Strategic Account Management (SAM): One-Size-Does-Not-Fit-All
The Anatomy of a Sales Pitch
You have a hot lead for your software. It is a big opportunity. The lead came to you by way of the new prospect’s data entry clerk that has just returned from an outside workshop.
What is your pitch? What is the close? Can you get an order on the first call? Should you demand that the clerk’s manager, purchasing or an executive is present?
What would the clerk do with the information? How would you escalate to the next level? Y
You have already left all of your information with the clerk: brochures, pricing, testimonials. The only internal point of contact you have is the clerk.

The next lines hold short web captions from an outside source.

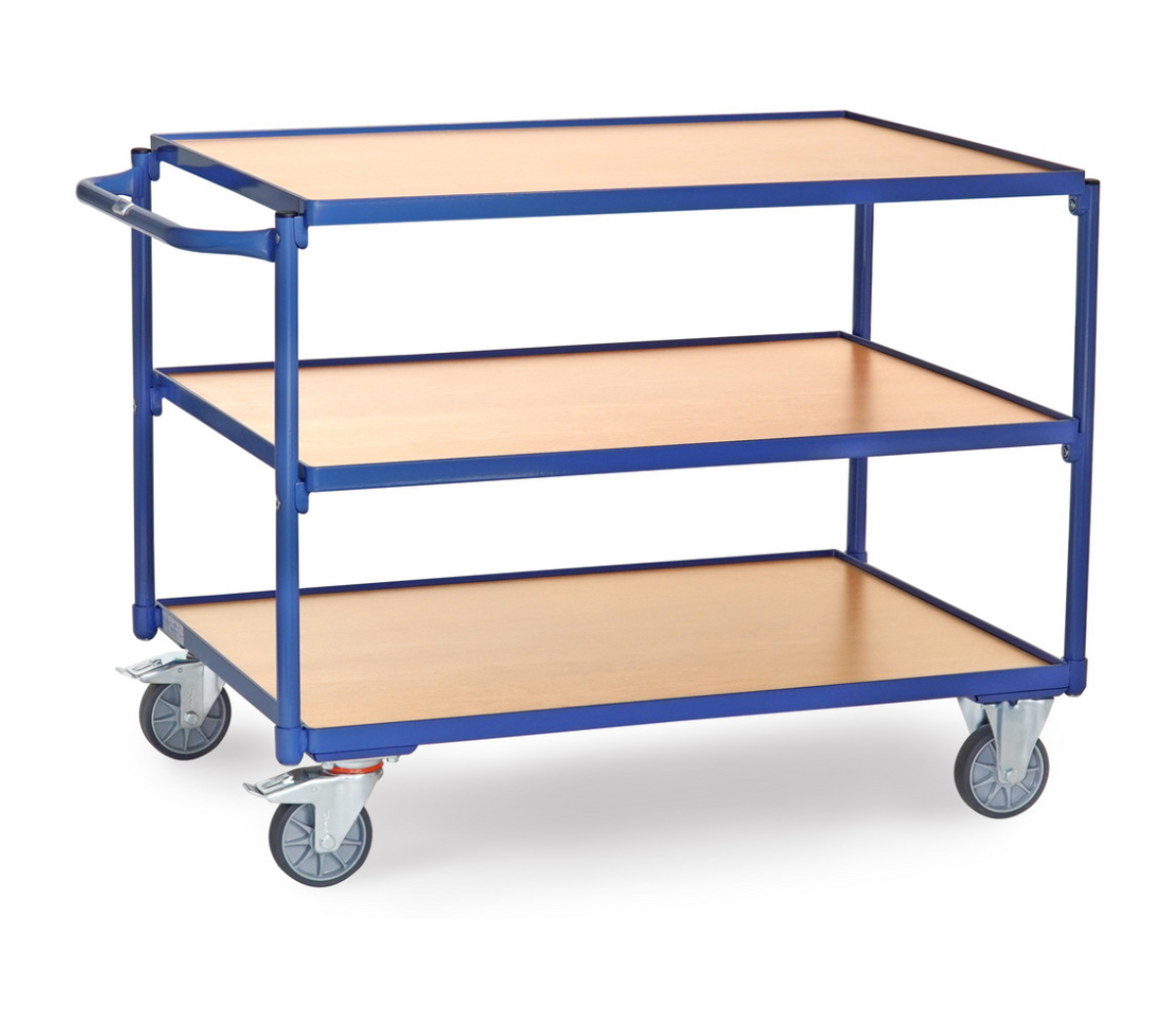 Tafelwagen 2954 - Laadvlak 1.000 x 700 mm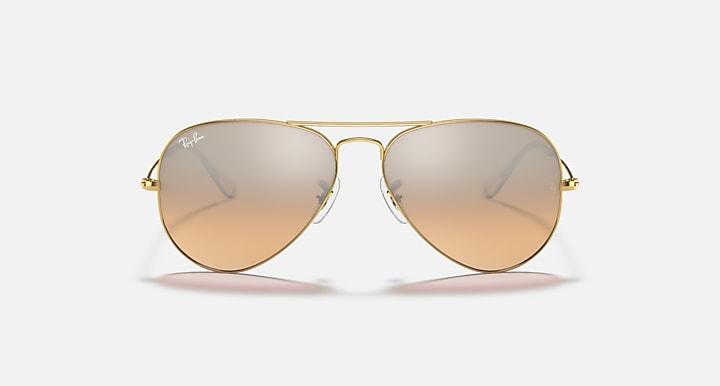 Ray-Ban Aviator RB3025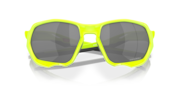 Plazma (Low Bridge Fit) - Matte Retina Burn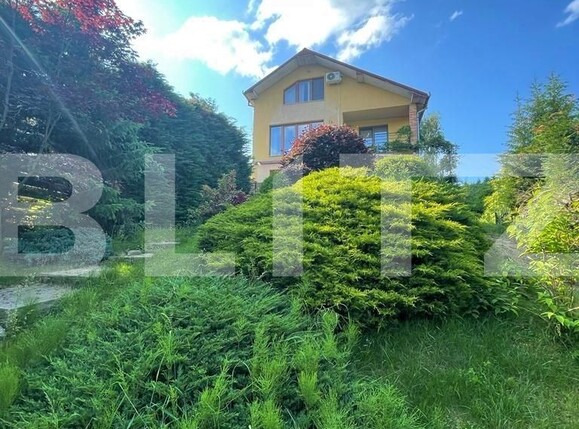 Casa de închiriat 5 camere Feleacu - 119235CI | BLITZ Cluj-Napoca | Poza1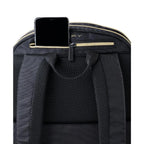 Sac à dos Wilson Defy V1 noir doré — vue détail 1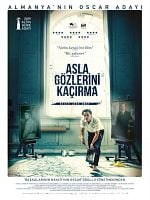 Asla Gözlerini Kaçırma posteri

An Introduction to Strategic Account Management
There are typically four points of contact (POCs) in every buying decision of a technology product or service: a user, a manager, a decision maker and a buyer. Each level could contain multiple contacts, a committee or an outside contractor. In smaller companies, one person might encompass all of the POCs.
There are many sales training systems that will help you create a winning sales strategy. The reality is that winning an order generally requires the navigation of a gauntlet to reach the decision maker – and, then, you must deal with the buyer.
The four major POCs have different interests:
The User - wants to make their job simpler.
The Manager – is interested in job security, accolades, key performance indicators (KPIs) and avoiding disruption.
The Decision Maker – wants to know the value proposition (lower cost, remain competitive, increased efficiency).
The Buyer – wants to understand what is being purchased, terms & conditions (the fine print) and payment terms.
ALL – want promises to be fulfilled.
You learn that Ted, the clerk, attended three of your competitors’ demonstrations at the workshop and Ted has followed up with all of them. Should you delay meeting with Ted until he can get others for your presentation? Probably not. Time might be of the essence.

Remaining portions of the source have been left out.